> [PROBLEM REQUIREMENTS] Using the entries that follow, transcribe only the lines from the line with "Solid Gold Cartier Bracelet with Castro Plate" to the line with "Load image into", both included, exactly as they stand and without pictures.
---- ENTRIES SUPPLIED
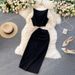 Women's Clothing Suit Solid Color Round Neck Vest Short Top High Waist Hip Mid-length Skirt Two-piece Set for Women_voghion.com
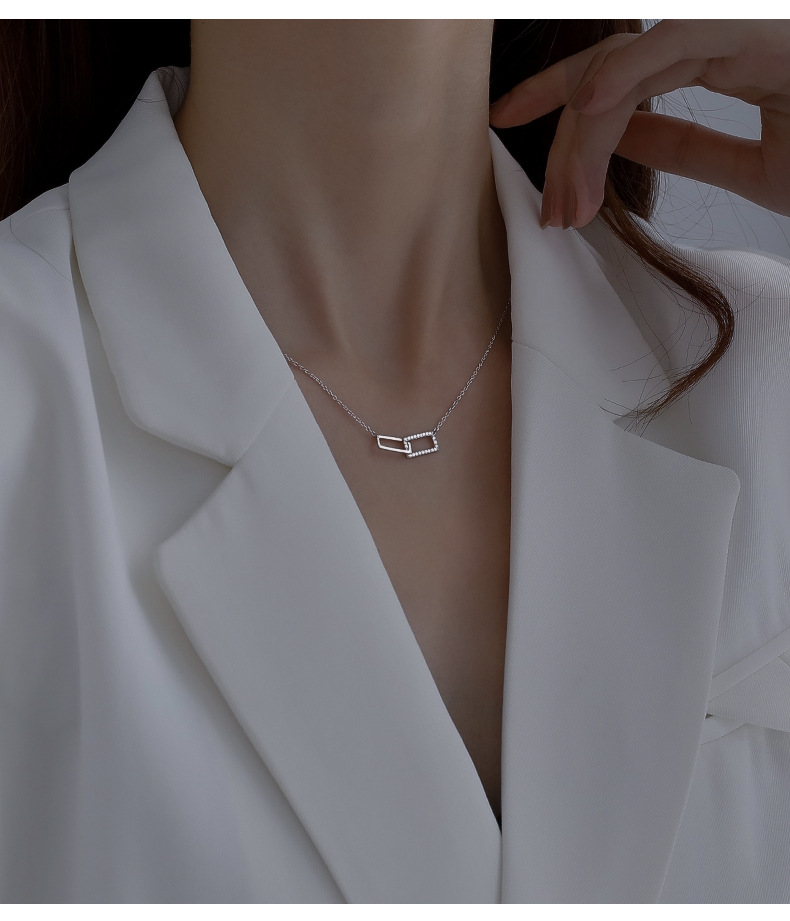 5g Weight 14K Gold Plated Plating Material Artificial Rhinestones Inlay Material 925 Sterling Silver Artificial Rhinestones Cable Chain Plating Inlay Geometric Pendant Necklace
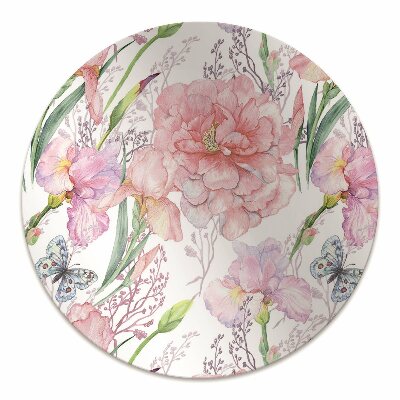 Office chair floor protector Peonies flowers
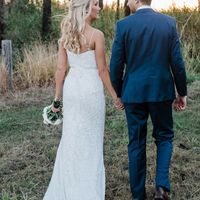 Sparkly Mermaid V Neck Sequins Wedding Dress for Bride,984 - Thumbnail 1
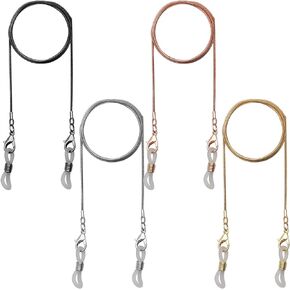 Jdesun Eyeglass Chain,4Pcs Metal Eyeglass Chain Sunglasses Eyewear String Reading Glasses Retainer for Women,Men,Kids,Workers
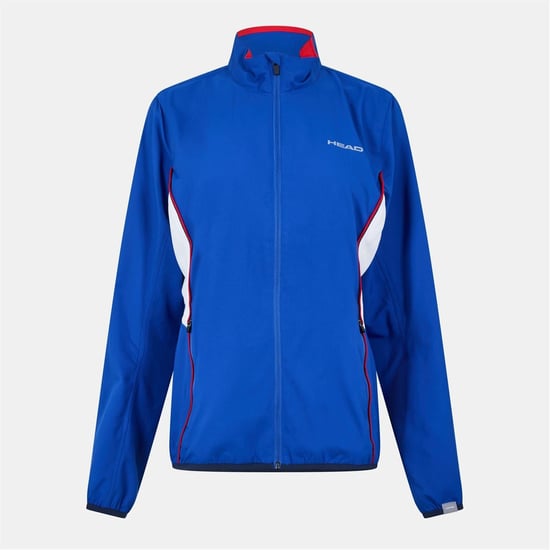 Women's Head Club Solid Patterned Full Zipper Track Jacket with Logo in .Blue - Image 1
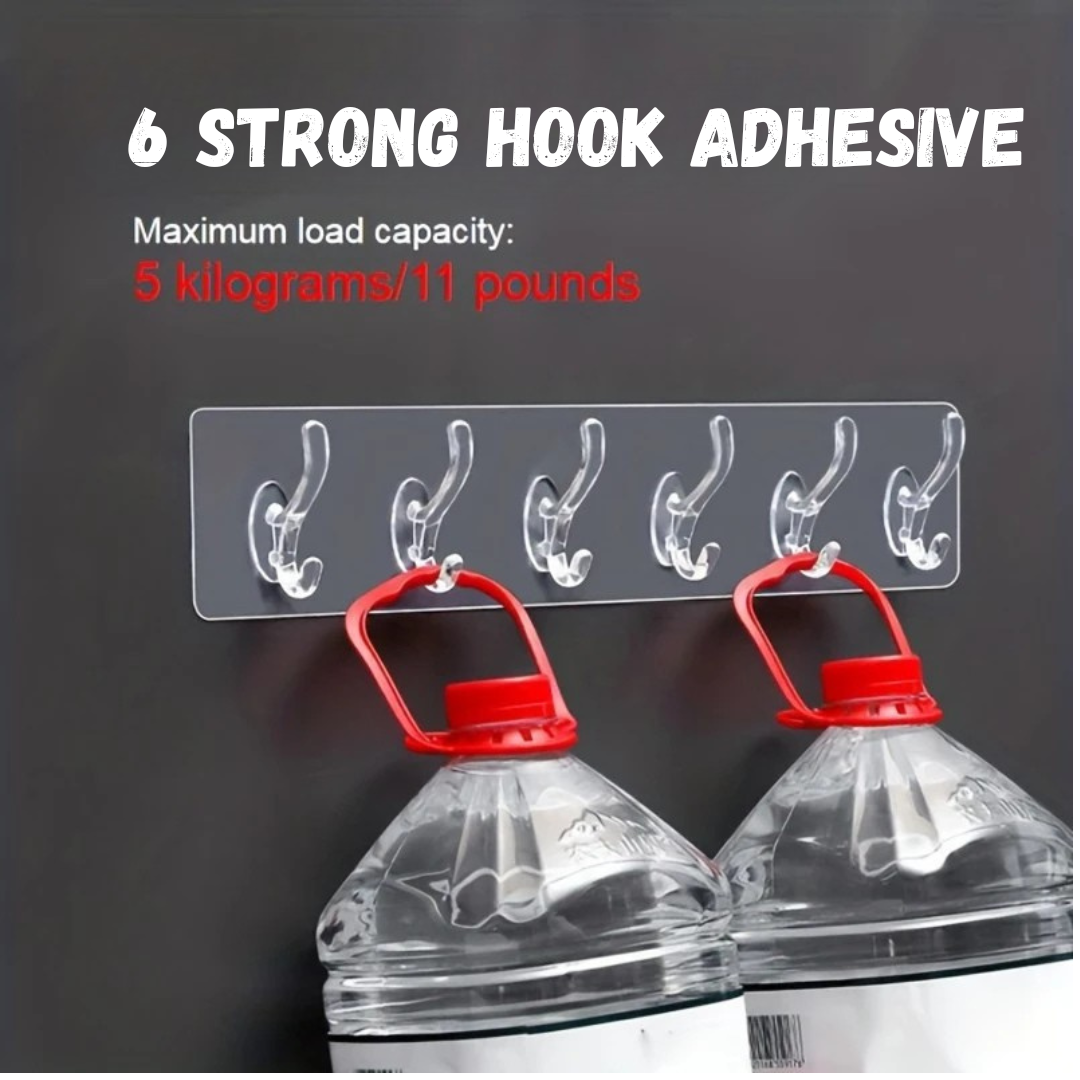 Self Adhesive Wall Hooks - 6 Hook Strip Pack OF 2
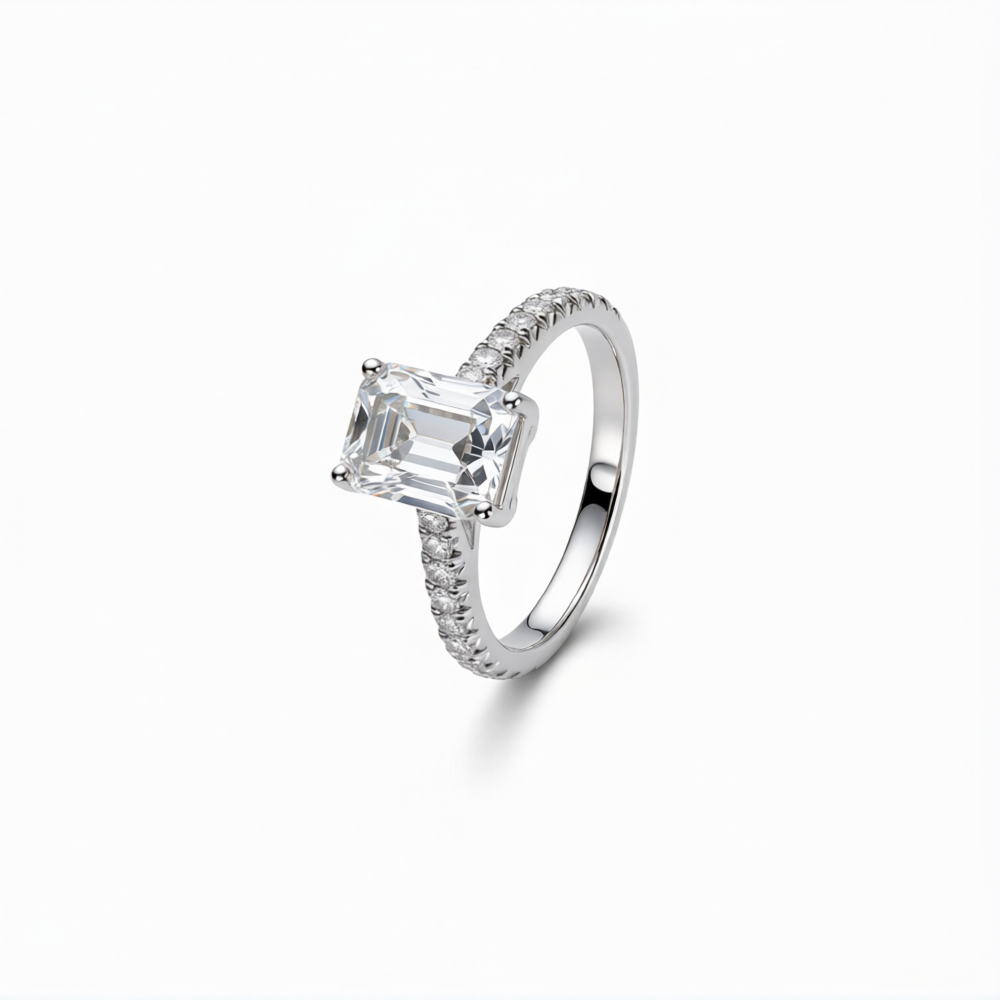 Emerald Cut Lab-Grown Diamond Ring in 18K Gold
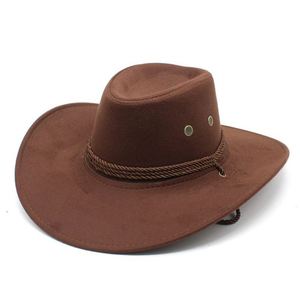 Sombrero Vaquero Unisex de Gamuza Barato al por Mayor, Sombrero de Sol de Moda con Ala Ancha para Deportes al Aire Libre, Viajes, Equitación, Hombres - Product Image 4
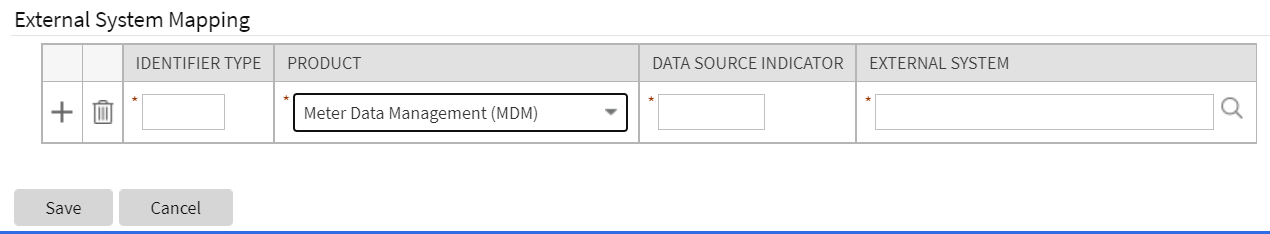 Screenshot of how to populate the fields in the "External System Mapping" section of the user interface.
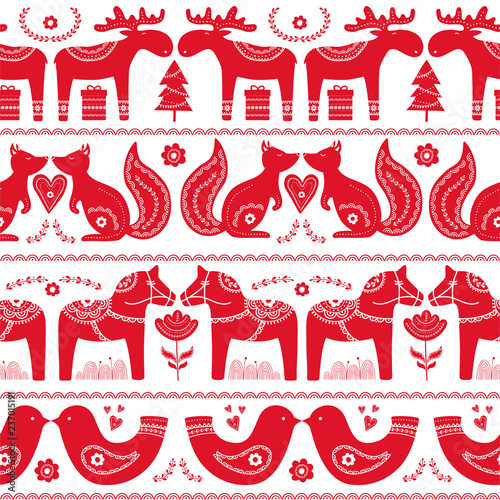Scandinavian seamless folk art hand drawn pattern
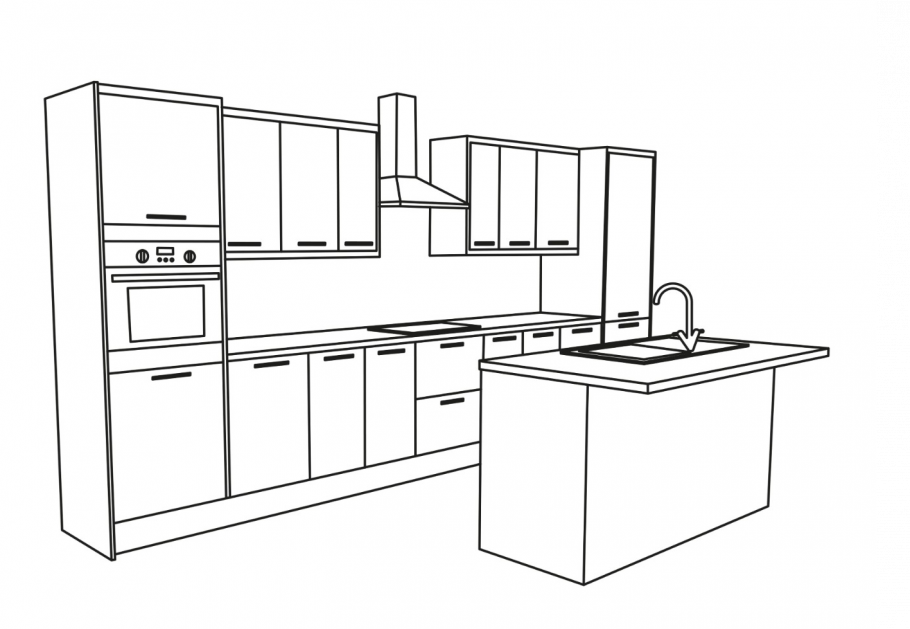 Интерьер кухни столовой эскиз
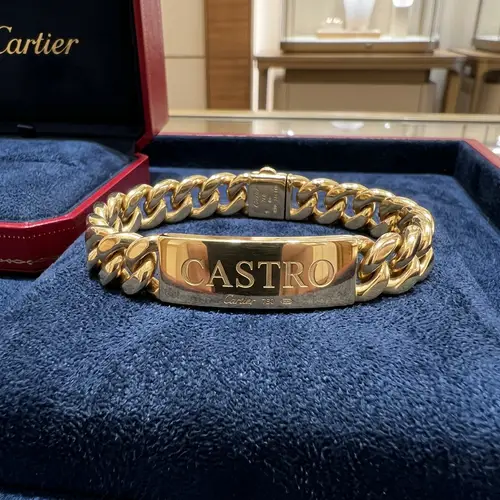Solid Gold Cartier Bracelet with Castro Plate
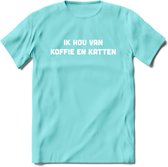 Koffie en Katten Love - Katten T-Shirt Kleding Cadeau | Dames - Heren - Unisex | Kat / Dieren shirt | Grappig Verjaardag kado | Tshirt Met Print | - Licht Blauw - M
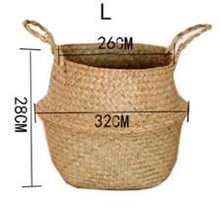 Load image into Gallery viewer, Seaweed Wicker Basket Rattan Hanging Flowerpot Flowerpot Dirty Clothes Dirty Clothes Basket Storage Basket   WF1015
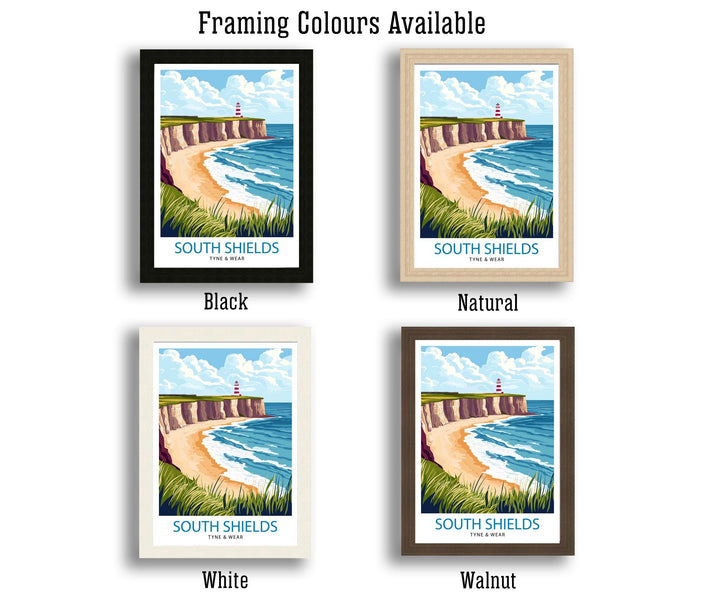 South Shields Travel Poster UK Coastal Art South Shields Poster Scenic North East England Poster South Shields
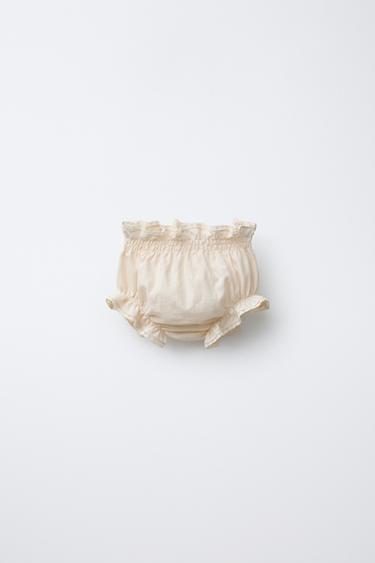 LACE-TRIMMED BRIEFS - Ecru by Zara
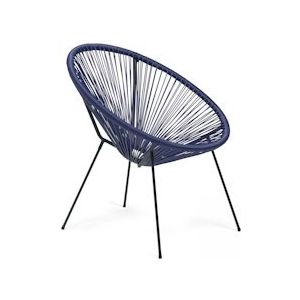 Oviala Business Blauwe fauteuil van geweven hars - blauw 105695
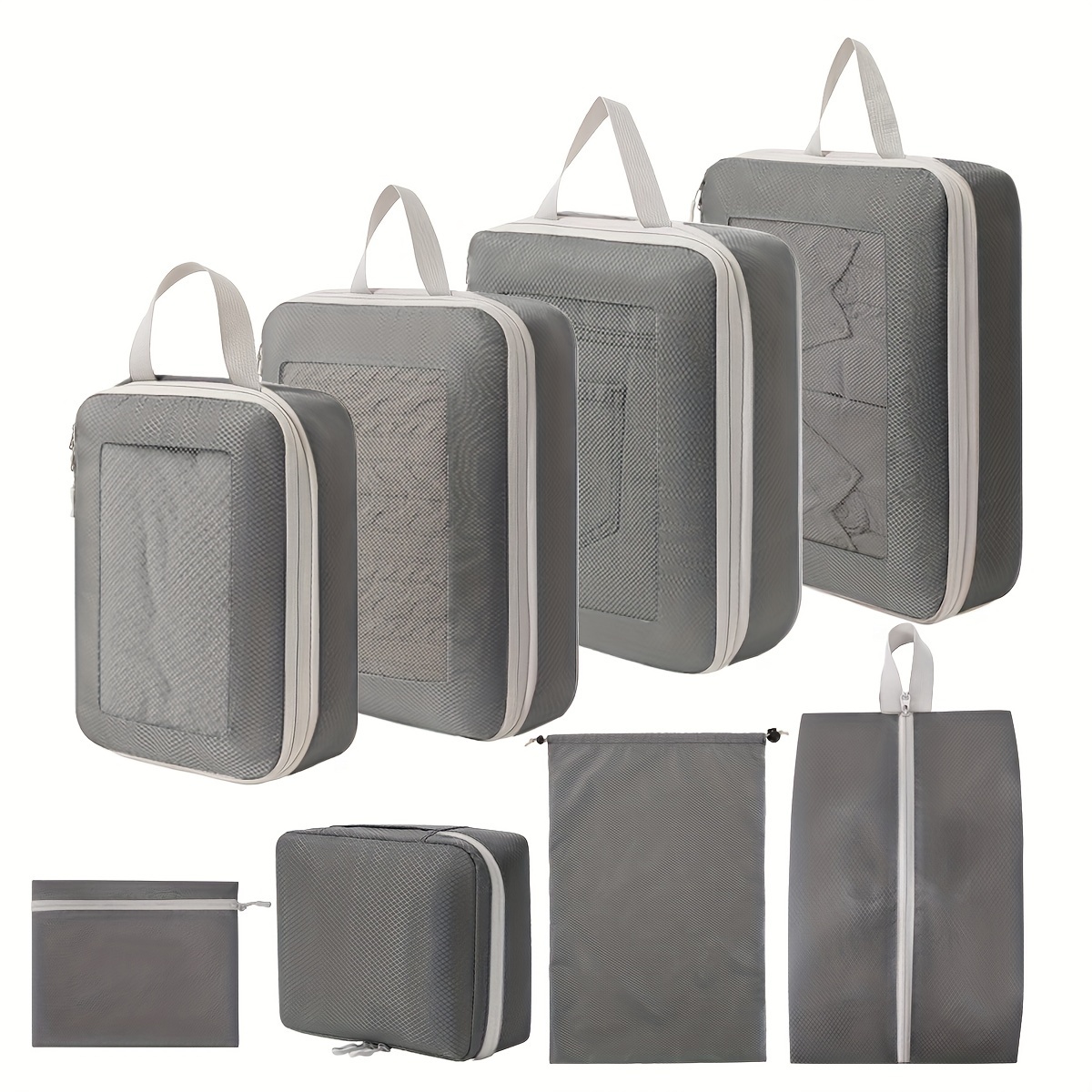 Set D'organisateurs De Valise 10 Pièces - Sacs De Compression, Rangement Chaussures, Pour Voyage Et Valise Cabine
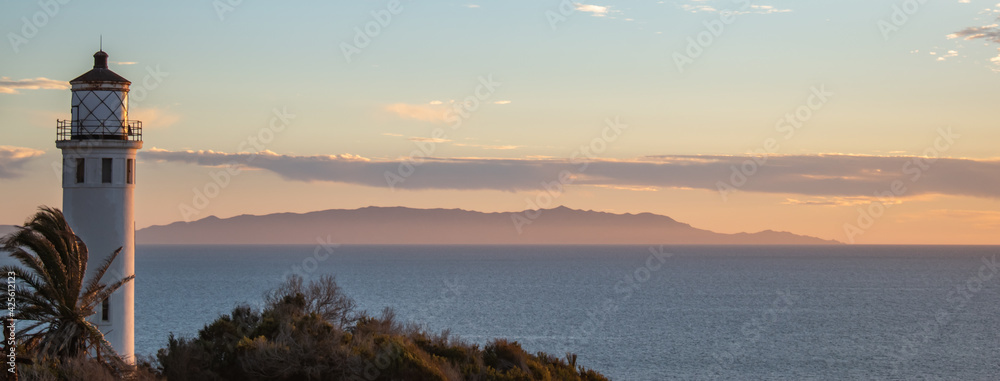 Sunset over pacific ocean in Rancho Palos Verdes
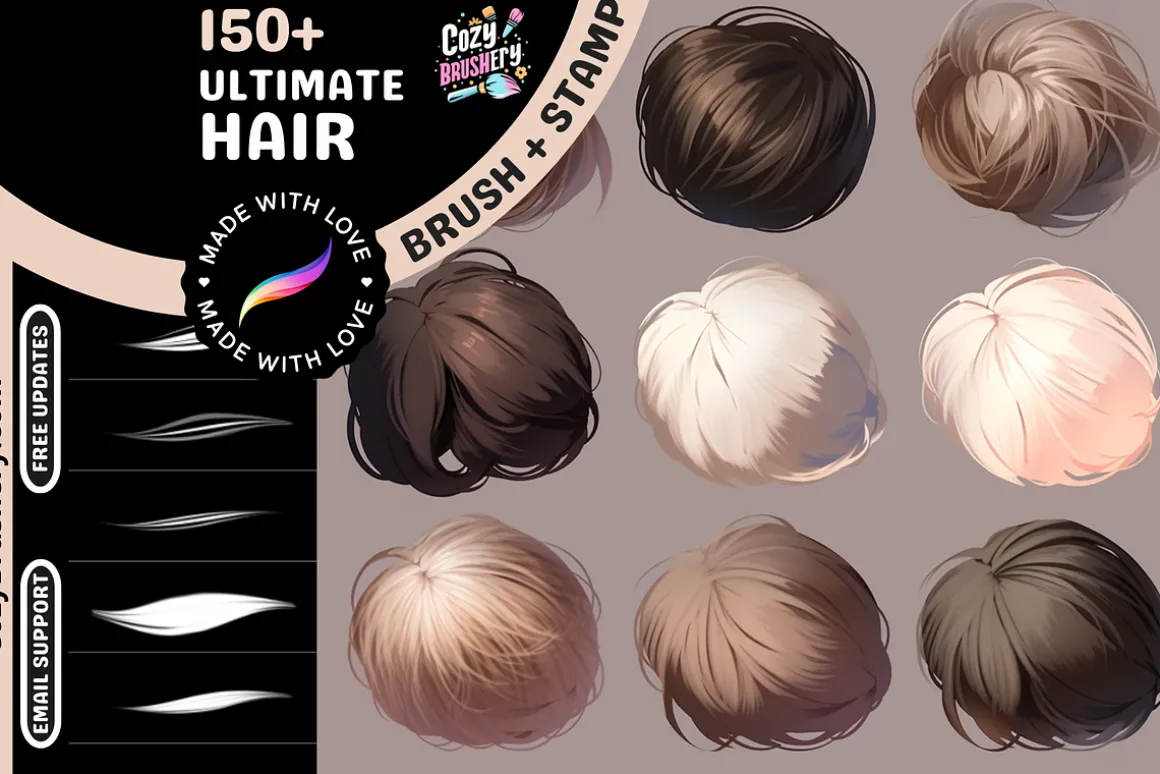 Procreate Ultimate Hair Brushes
--------
> [OUTPUT OF THE TASK]
Solid Gold Cartier Bracelet with Castro Plate
 Koffie en Katten Love - Katten T-Shirt Kleding Cadeau | Dames - Heren - Unisex | Kat / Dieren shirt | Grappig Verjaardag kado | Tshirt Met Print | - Licht Blauw - M
 Load image into Gallery viewer, Seaweed Wicker Basket Rattan Hanging Flowerpot Flowerpot Dirty Clothes Dirty Clothes Basket Storage Basket   WF1015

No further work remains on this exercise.